Plädoyer für mehr Offenheit, Toleranz und Interesse

   Vorerst lässt sich über die wichtigsten sexuellen Probleme zwischen Demenz-Kranken und ihren Partnern nur spekulieren. So mag es häufig vorkommen, dass ein ehemals sexuell aktiver Mensch im Rahmen einer beginnenden Demenz jegliche Freude an Sexualität verliert. Wenn sein Ehepartner selbst weiterhin sexuell interessiert ist und gerne eine außereheliche Beziehung aufnehmen möchte, werden sich bei dem Gesunden oft Schuldgefühle einstellen. Aber auch der umgekehrte Fall ist denkbar: Der Patient entwickelt aufgrund einer Demenz besonders starke sexuelle Bedürfnisse, die jedoch beim Partner auf Ablehnung stoßen. Überhaupt mag es häufig vorkommen, dass sich der gesunde Partner körperlich immer weniger zu dem Kranken hingezogen fühlt. Mögliche Gründe sind eine hygienische Verwahrlosung des Patienten, eigenartige sexuelle Verhaltensweisen, veränderte Rollen ("Pfleger" statt "Partner") oder einfach das Gefühl, es nicht mehr mit dem Menschen zu tun zu haben, den man einmal geheiratet hat.

   Selbst wenn Demenz-Kranker und gesunder Partner gewillt sind, weiterhin sexuell miteinander zu verkehren, stellen sich ihnen mitunter erhebliche Hürden in den Weg. So kann es an dem notwendigen Wissen mangeln, wie man die sexuelle Beziehung den Besonderheiten der Erkrankung anpaßt. Bei einer Heimunterbringung des Kranken stellt sich die Frage, ob die Einrichtung überhaupt gewillt ist, die Privatsphäre für Intimkontakte bereitzustellen.

   Schwierigkeiten wird es häufig auch dann geben, wenn zwei demente Heimbewohner eine Intimbeziehung aufnehmen möchten. Nicht jedes Heim toleriert dies. Besonders kompliziert wird es, wenn der gesunde Ehepartner des "fremdgehenden" Patienten noch lebt und diesen regelmäßig besucht.
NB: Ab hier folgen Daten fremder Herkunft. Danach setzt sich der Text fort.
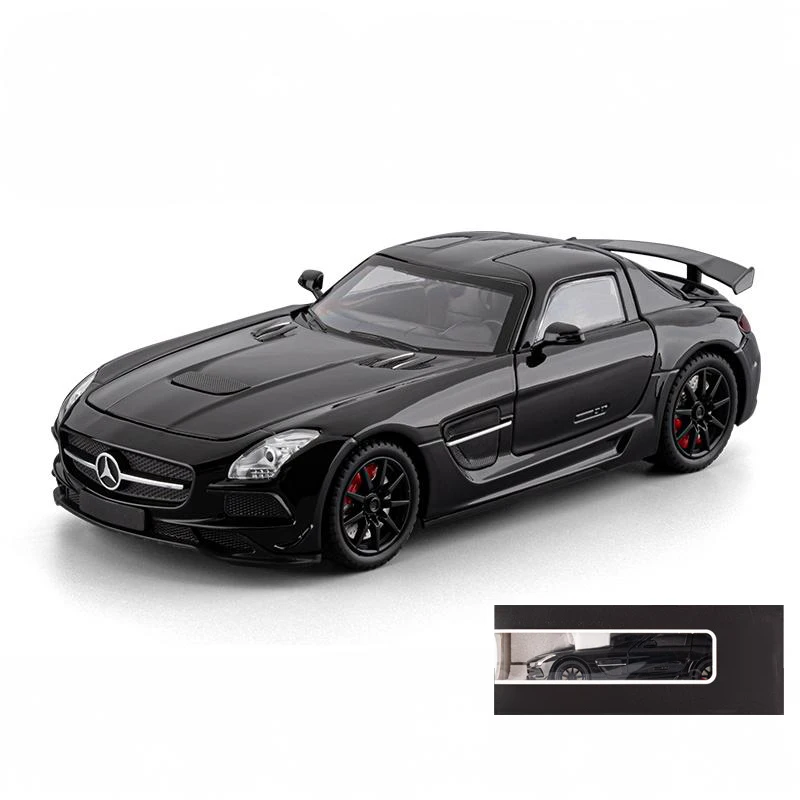 1:24 Scale Benz SLS AMG Diecast Model 9 1:24 Scale Benz SLS AMG Diecast Model - Image 9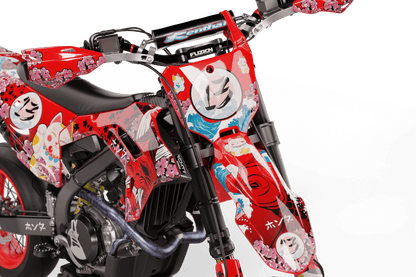 Honda  - Japan - MX Graphics - Speed Army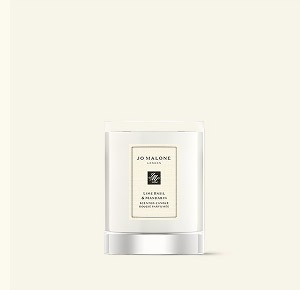 lime basil mandarin scented candle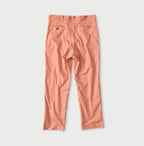 Cotton Linen OX Stretch Crosby Slacks Back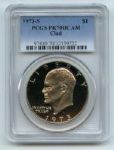 1973 S $1 Ike Eisenhower Dollar Proof PCGS PR70DCAM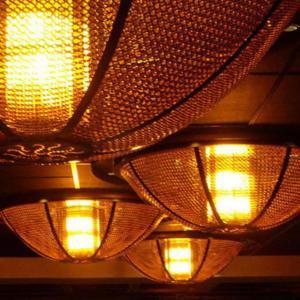 Cheap Durable Electroplating Metal Ring Mesh / Interwoven Mesh 1-3mm Diameter for sale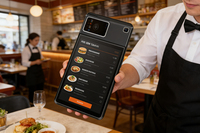 Fabricant de tablettes Android ODM, borne de commande, point de vente, appareil intelligent avec NFC pour restaurant, hôtel, supermarché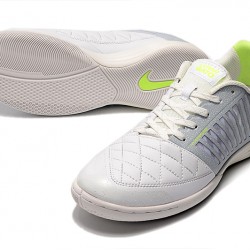 Kopačky Nike Lunar Gato II IC Bílá Šedá Zelená 39-45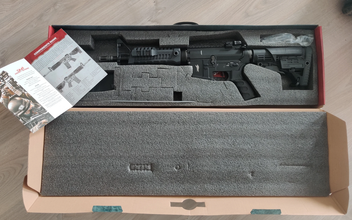 Imagen para NIEUW - Full Metal CAA ELECTRIC RIFLE M4 SHORTY 10.5" BLACK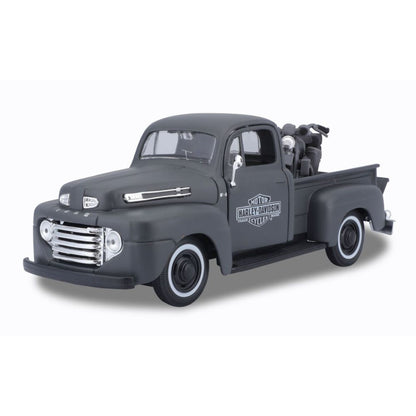 Maisto Ford F-1 Pickup 1948 Flathead Moto 1:24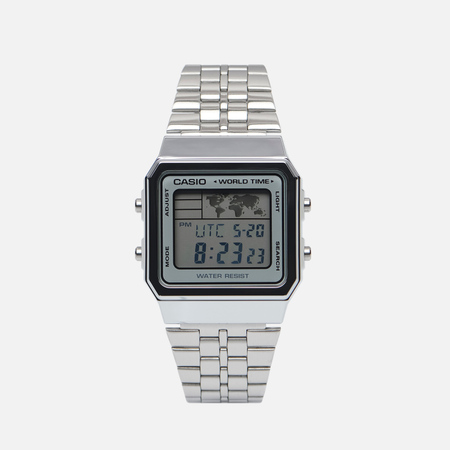   Brandshop Наручные часы CASIO Vintage A500WA-7, цвет серебряный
   Die Problemfülle im Zusammenhang mit dem Sexualleben dementer Patienten läßt sich nur erahnen. Schwierigkeiten bereiten auch sozial unangemessene Verhaltensweisen, wie öffentliche Selbstbefriedigung, sexuelle Handgreiflichkeiten, sexualisierte Ausdrucksweisen, falsche Behauptungen über das Sexualverhalten anderer und die Möglichkeit sexuellen Missbrauchs durch Betreuer.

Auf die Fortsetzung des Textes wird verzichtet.